RECORDS FOR THIS TASK =
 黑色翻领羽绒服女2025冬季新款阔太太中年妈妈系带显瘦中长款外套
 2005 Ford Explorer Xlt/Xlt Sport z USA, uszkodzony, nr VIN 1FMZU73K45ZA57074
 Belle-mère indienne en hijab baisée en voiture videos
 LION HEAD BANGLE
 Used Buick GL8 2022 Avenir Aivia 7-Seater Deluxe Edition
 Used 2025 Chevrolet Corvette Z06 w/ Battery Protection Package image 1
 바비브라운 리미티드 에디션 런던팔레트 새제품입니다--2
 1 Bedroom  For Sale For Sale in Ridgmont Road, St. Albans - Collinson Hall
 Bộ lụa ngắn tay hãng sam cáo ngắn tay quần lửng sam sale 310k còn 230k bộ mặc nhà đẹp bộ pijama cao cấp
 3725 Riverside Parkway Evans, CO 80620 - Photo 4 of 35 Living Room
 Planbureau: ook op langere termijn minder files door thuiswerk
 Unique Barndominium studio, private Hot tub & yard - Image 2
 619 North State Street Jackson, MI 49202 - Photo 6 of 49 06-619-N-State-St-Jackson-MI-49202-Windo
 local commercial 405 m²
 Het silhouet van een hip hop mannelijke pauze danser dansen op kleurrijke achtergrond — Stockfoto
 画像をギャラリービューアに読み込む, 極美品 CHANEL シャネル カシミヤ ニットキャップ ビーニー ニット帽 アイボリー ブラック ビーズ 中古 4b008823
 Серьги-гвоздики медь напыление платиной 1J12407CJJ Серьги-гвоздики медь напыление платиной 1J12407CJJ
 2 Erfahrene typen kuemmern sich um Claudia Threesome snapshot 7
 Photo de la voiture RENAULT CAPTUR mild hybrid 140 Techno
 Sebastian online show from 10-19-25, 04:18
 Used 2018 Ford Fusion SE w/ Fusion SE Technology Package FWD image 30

YOUR OBJECTIVE = All of the records above are to be repeated exactly.

THE COMPLETED TASK =
 黑色翻领羽绒服女2025冬季新款阔太太中年妈妈系带显瘦中长款外套
 2005 Ford Explorer Xlt/Xlt Sport z USA, uszkodzony, nr VIN 1FMZU73K45ZA57074
 Belle-mère indienne en hijab baisée en voiture videos
 LION HEAD BANGLE
 Used Buick GL8 2022 Avenir Aivia 7-Seater Deluxe Edition
 Used 2025 Chevrolet Corvette Z06 w/ Battery Protection Package image 1
 바비브라운 리미티드 에디션 런던팔레트 새제품입니다--2
 1 Bedroom  For Sale For Sale in Ridgmont Road, St. Albans - Collinson Hall
 Bộ lụa ngắn tay hãng sam cáo ngắn tay quần lửng sam sale 310k còn 230k bộ mặc nhà đẹp bộ pijama cao cấp
 3725 Riverside Parkway Evans, CO 80620 - Photo 4 of 35 Living Room
 Planbureau: ook op langere termijn minder files door thuiswerk
 Unique Barndominium studio, private Hot tub & yard - Image 2
 619 North State Street Jackson, MI 49202 - Photo 6 of 49 06-619-N-State-St-Jackson-MI-49202-Windo
 local commercial 405 m²
 Het silhouet van een hip hop mannelijke pauze danser dansen op kleurrijke achtergrond — Stockfoto
 画像をギャラリービューアに読み込む, 極美品 CHANEL シャネル カシミヤ ニットキャップ ビーニー ニット帽 アイボリー ブラック ビーズ 中古 4b008823
 Серьги-гвоздики медь напыление платиной 1J12407CJJ Серьги-гвоздики медь напыление платиной 1J12407CJJ
 2 Erfahrene typen kuemmern sich um Claudia Threesome snapshot 7
 Photo de la voiture RENAULT CAPTUR mild hybrid 140 Techno
 Sebastian online show from 10-19-25, 04:18
 Used 2018 Ford Fusion SE w/ Fusion SE Technology Package FWD image 30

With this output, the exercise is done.